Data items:

──────

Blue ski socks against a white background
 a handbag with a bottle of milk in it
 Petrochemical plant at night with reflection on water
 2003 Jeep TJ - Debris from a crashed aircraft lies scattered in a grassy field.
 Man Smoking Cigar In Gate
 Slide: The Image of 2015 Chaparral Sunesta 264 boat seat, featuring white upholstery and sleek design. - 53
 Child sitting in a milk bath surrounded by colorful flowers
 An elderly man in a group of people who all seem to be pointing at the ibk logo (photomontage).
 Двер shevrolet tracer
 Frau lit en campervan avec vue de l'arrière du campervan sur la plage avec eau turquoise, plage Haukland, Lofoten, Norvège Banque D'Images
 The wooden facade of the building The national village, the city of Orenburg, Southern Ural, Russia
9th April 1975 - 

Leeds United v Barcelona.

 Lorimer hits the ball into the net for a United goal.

──────

• WHAT IS NEEDED:
Among the lines above, find each one containing the string "with" and copy it.

• WRITTEN SOLUTION:
 a handbag with a bottle of milk in it
 Petrochemical plant at night with reflection on water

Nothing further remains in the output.